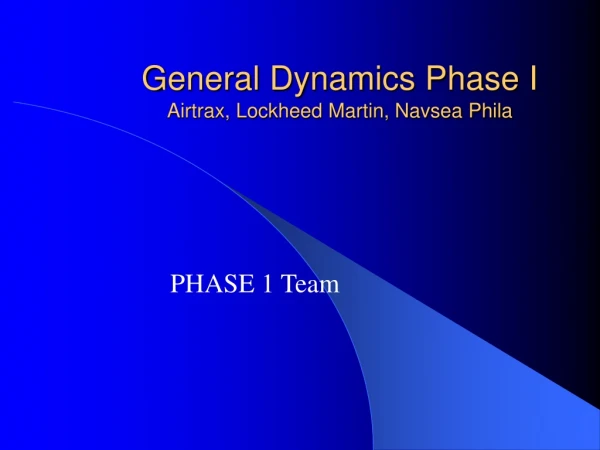 General Dynamics Phase I Airtrax, Lockheed Martin, Navsea Phila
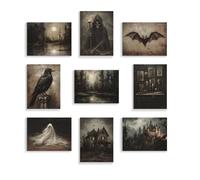 abrtolpffo Gothic Wall Art, 9 Pieces 8x10in Dark Academia Wall Decor, Spooky Ghost Witch Raven Bat Haunted House Pictures, Dark and Moody Forest Landscape Art Gothic Decor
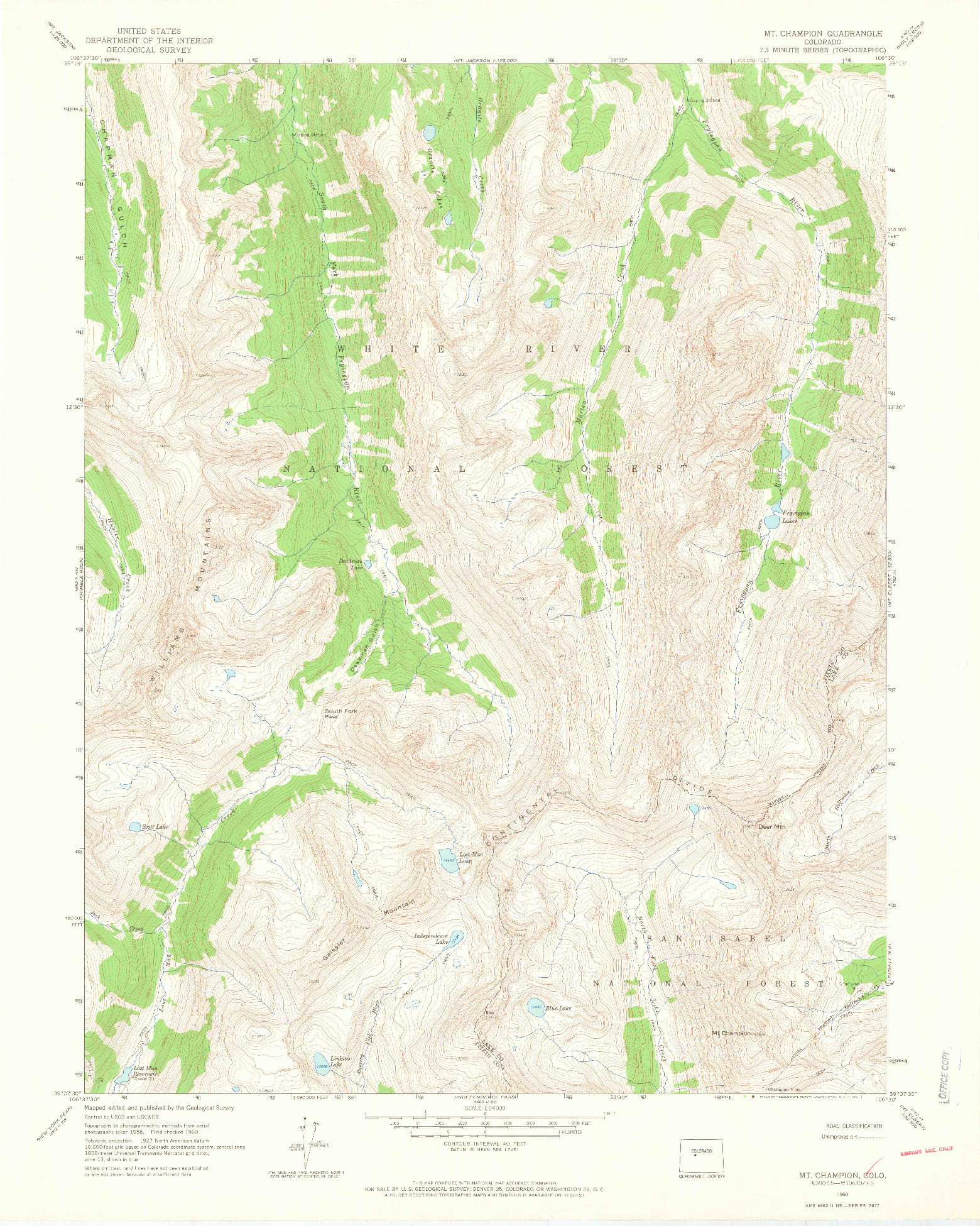 USGS 1:24000-SCALE QUADRANGLE FOR MOUNT CHAMPION, CO 1960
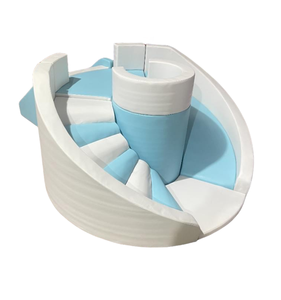 Magnifique toboggan circulaire d'intérieur gris et blanc, équipement de jeu souple pour enfants, idéal pour les fêtes d'anniversaire. - Product Image 6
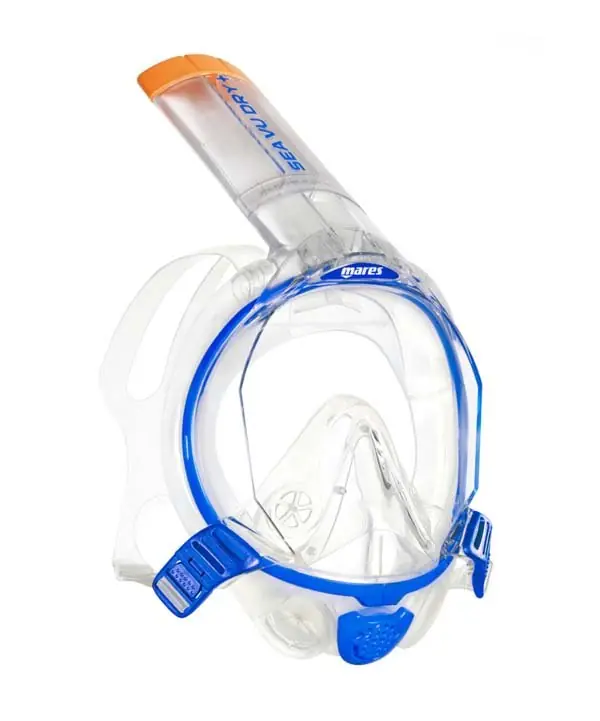 FULL Schnorchelmaske MARES DRY SEA VU + SM Blau Billig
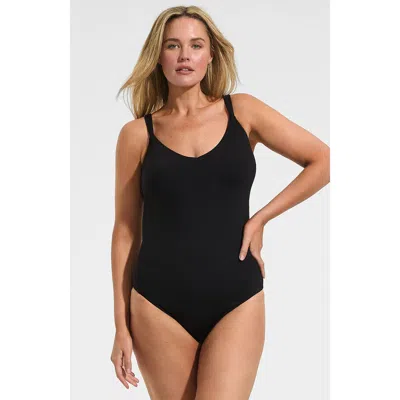 Lands' End V-neck High Leg Strappy Back One Piece In Black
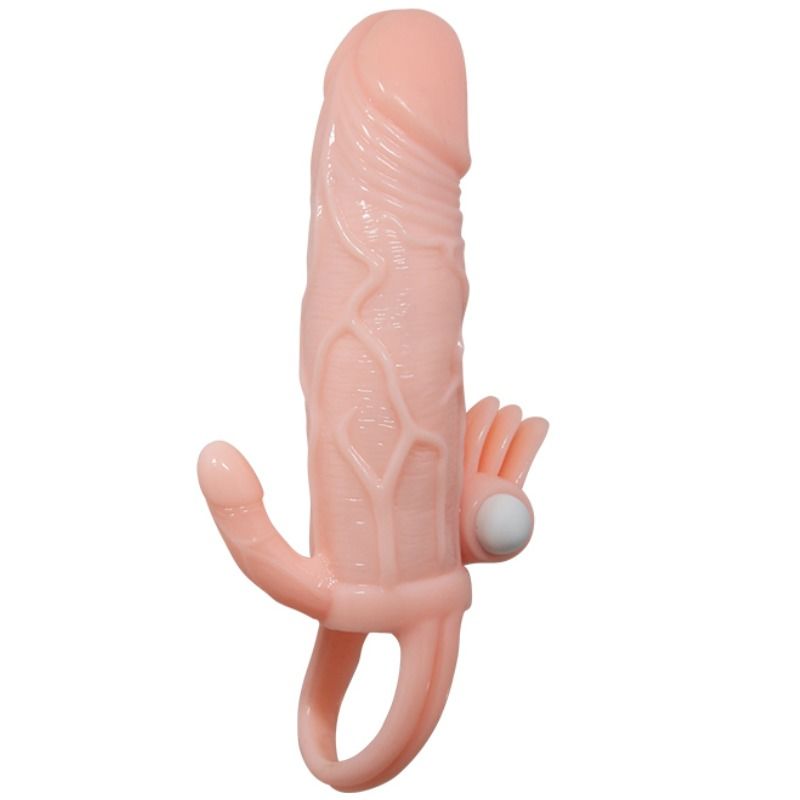 BAILE - BRAVE MAN CAPA PARA PÊNIS COM ESTIMULAÇÃO DE CLITÓRIS E ANAL 16,5 CM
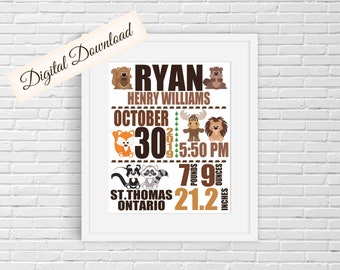 Woodland Animals Birth Stats Printable, Wall Art, Woodland Animals Nursery Decor, Personalized Baby Gift, Digital Download
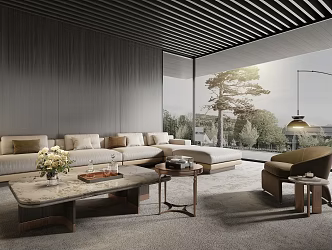 Modern Living Room Miloti Living Room Sofa Combination 3d model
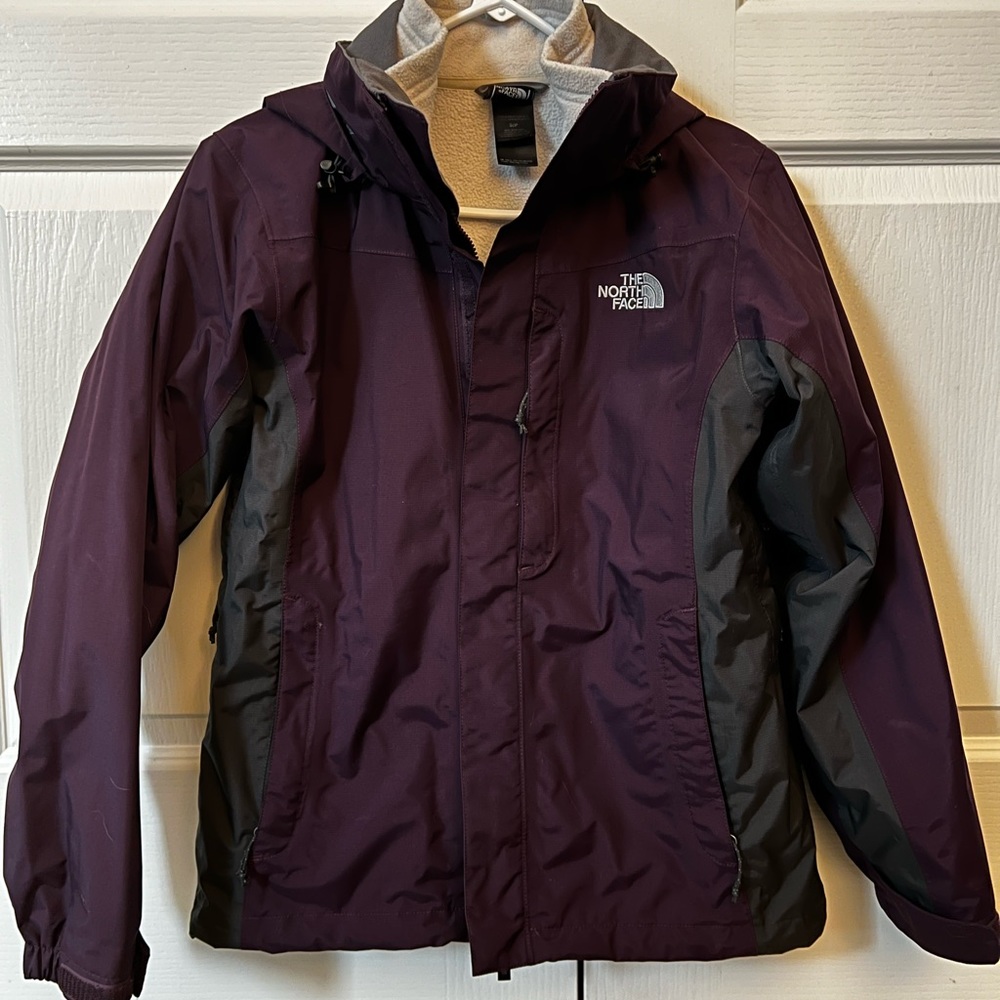 North face 2 in 1 waterproof ski jacket with fleece zipped in.
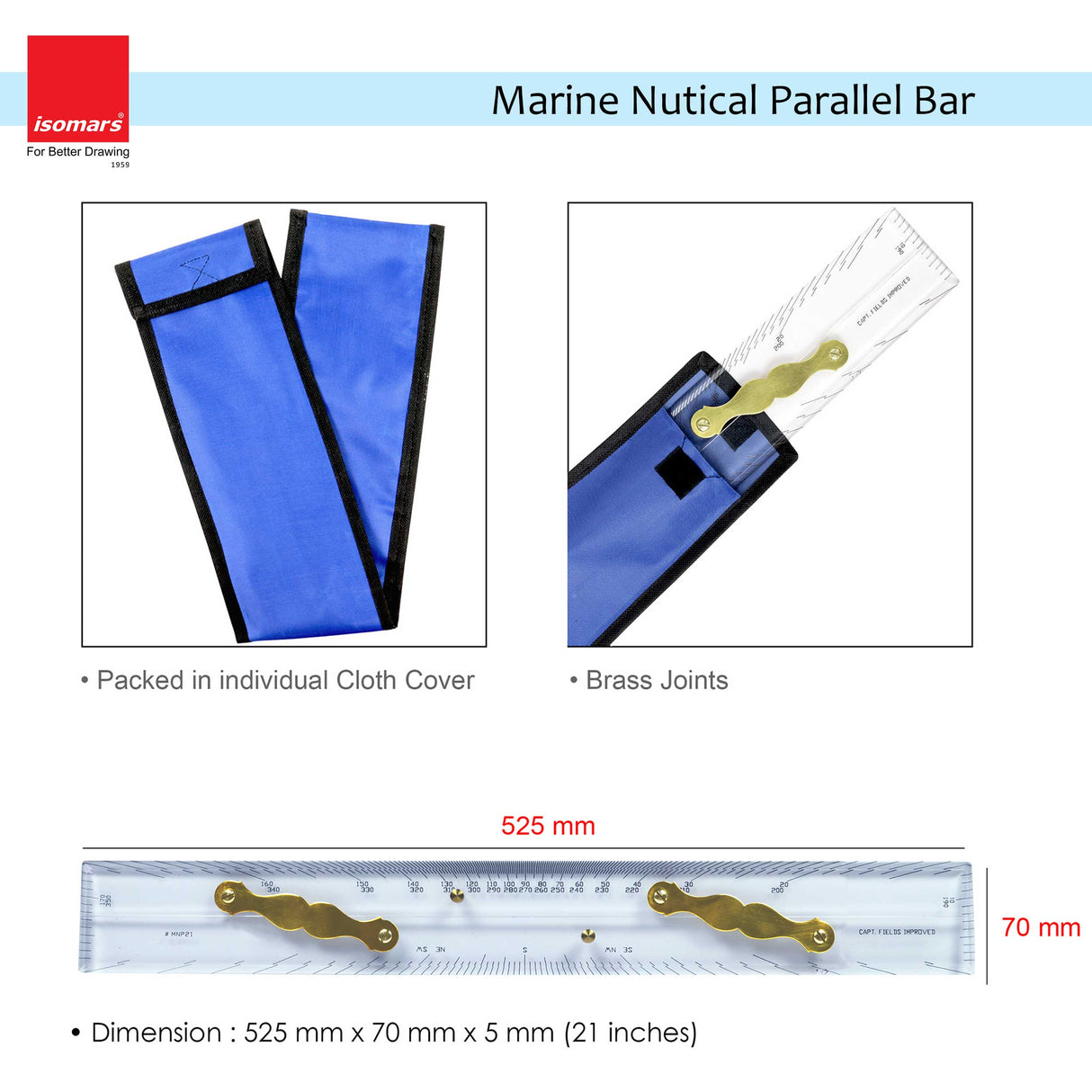 Isomars Marine/Nautical Parallel Bar - Professional 21'' - Comes in Protective Cloth Bag (Ruler-21")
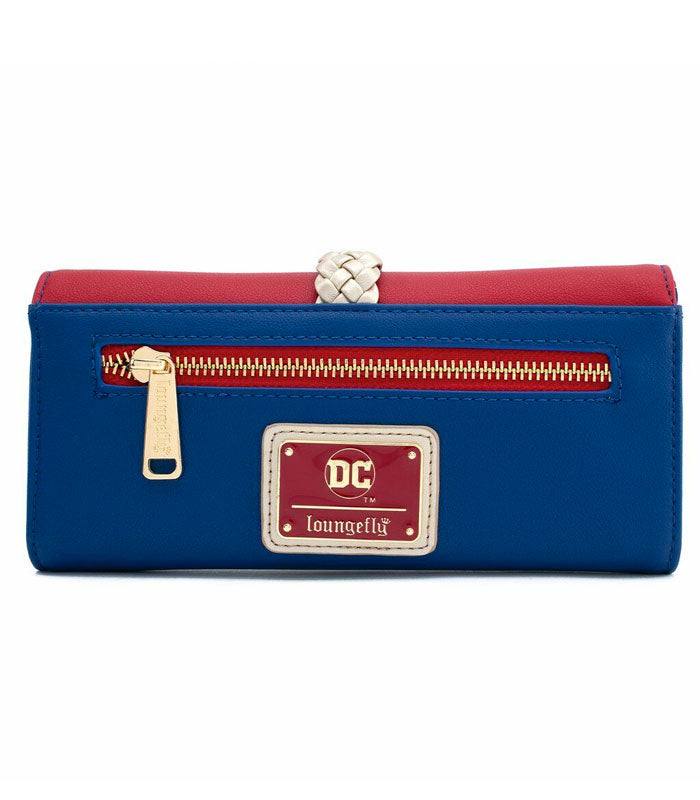 Loungefly DC Comics Wonder Woman Lasso Wallet with faux leather, colorful design, and zippered compartment.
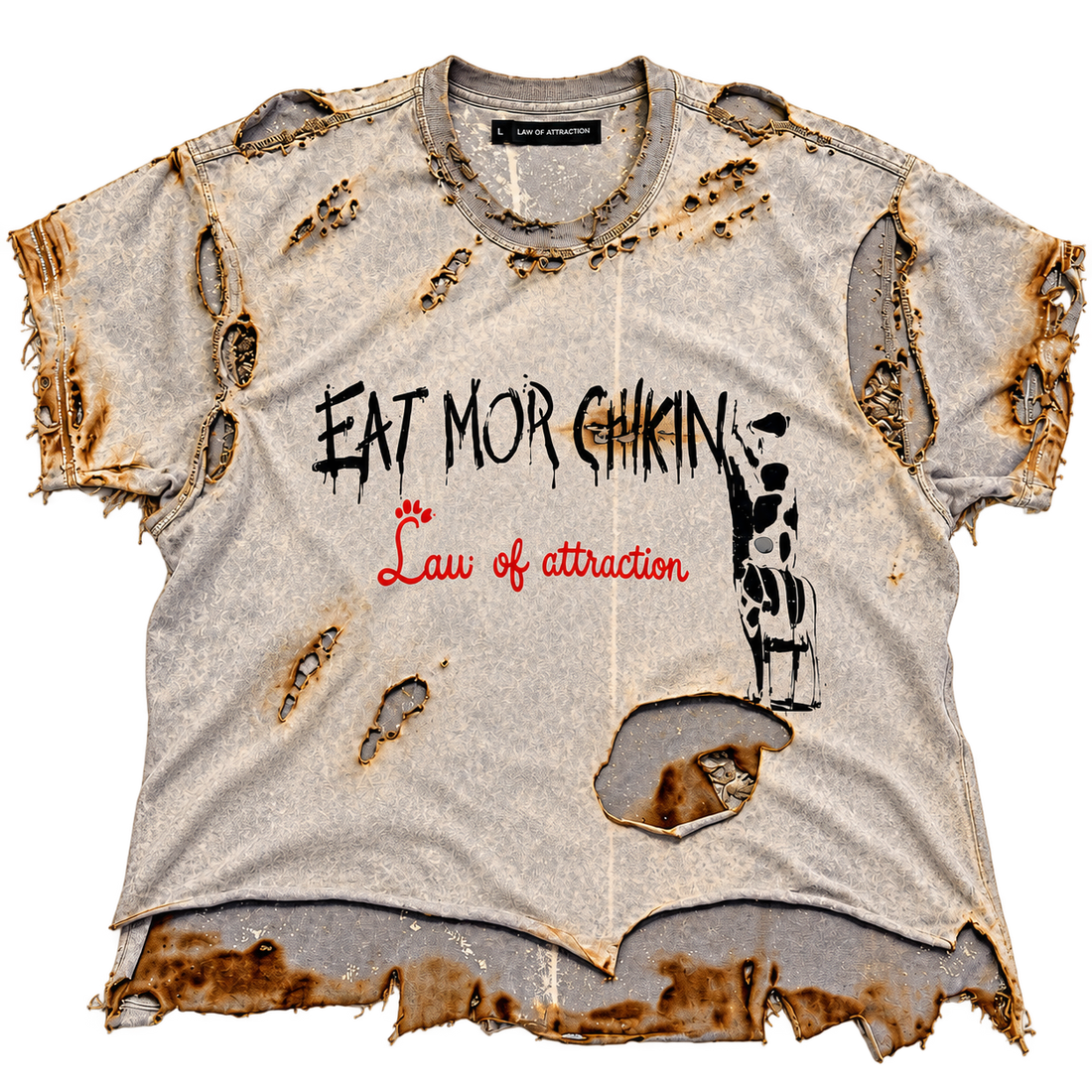 Eat Mor Chikin Burn & Distress Vintage T-Shirt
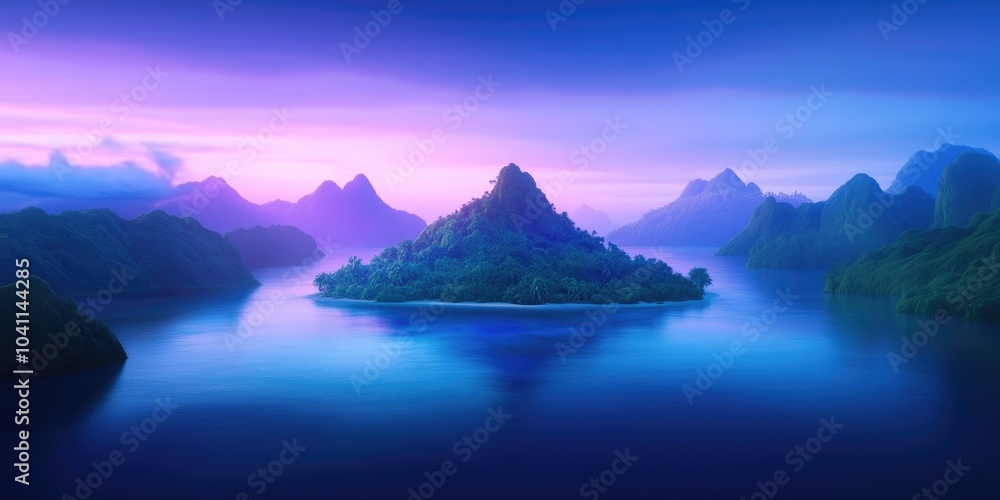 Frades Island in a serene bay setting, Serene bay landscape with islands Frades Island in a serene bay setting, Serene bay landscape with islands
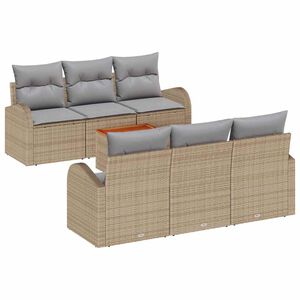 vidaXL Conjunto de sof&aacute;s de jard&iacute;n 7 pcs Beige y Gris Claro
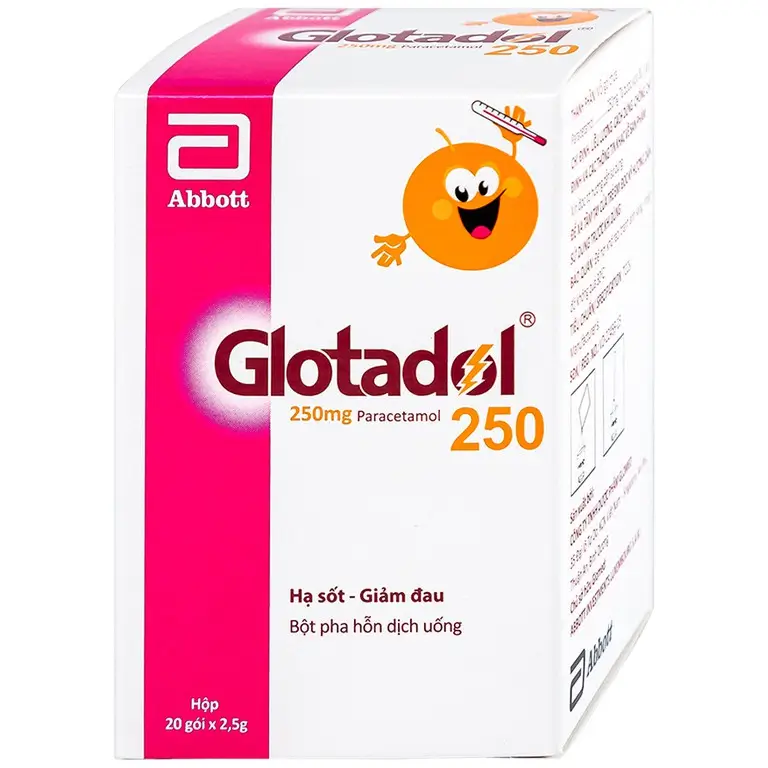 Bột Glotadol 250 Abbott hỗ trợ hạ sốt và giảm đau (20 gói x 2.5g)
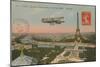 Postcard of an Aeroplane Circling around the Eiffel Tower, Sent in 1913-French Photographer-Mounted Giclee Print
####################
The whole listing is to be retyped exactly, with its pictures removed.

 General Dynamics Phase I Airtrax, Lockheed Martin, Navsea Phila
 abrtolpffo Gothic Wall Art, 9 Pieces 8x10in Dark Academia Wall Decor, Spooky Ghost Witch Raven Bat Haunted House Pictures, Dark and Moody Forest Landscape Art Gothic Decor
 USGS 1:24000-SCALE QUADRANGLE FOR MOUNT CHAMPION, CO 1960
 Magnifique toboggan circulaire d'intérieur gris et blanc, équipement de jeu souple pour enfants, idéal pour les fêtes d'anniversaire. - Product Image 6
 FULL Schnorchelmaske MARES DRY SEA VU + SM Blau Billig
 Lands' End V-neck High Leg Strappy Back One Piece In Black
 BAILE - BRAVE MAN CAPA PARA PÊNIS COM ESTIMULAÇÃO DE CLITÓRIS E ANAL 16,5 CM
 Woodland Animals Birth Stats Printable, Wall Art, Woodland Animals Nursery Decor, Personalized Baby Gift, Digital Download
 Modern Living Room Miloti Living Room Sofa Combination 3d model
 North face 2 in 1 waterproof ski jacket with fleece zipped in.
 Isomars Marine/Nautical Parallel Bar - Professional 21'' - Comes in Protective Cloth Bag (Ruler-21")
 Loungefly DC Comics Wonder Woman Lasso Wallet with faux leather, colorful design, and zippered compartment.
 Eat Mor Chikin Burn & Distress Vintage T-Shirt
 Frades Island in a serene bay setting, Serene bay landscape with islands Frades Island in a serene bay setting, Serene bay landscape with islands
 vidaXL Conjunto de sof&aacute;s de jard&iacute;n 7 pcs Beige y Gris Claro
 Bột Glotadol 250 Abbott hỗ trợ hạ sốt và giảm đau (20 gói x 2.5g)
 Postcard of an Aeroplane Circling around the Eiffel Tower, Sent in 1913-French Photographer-Mounted Giclee Print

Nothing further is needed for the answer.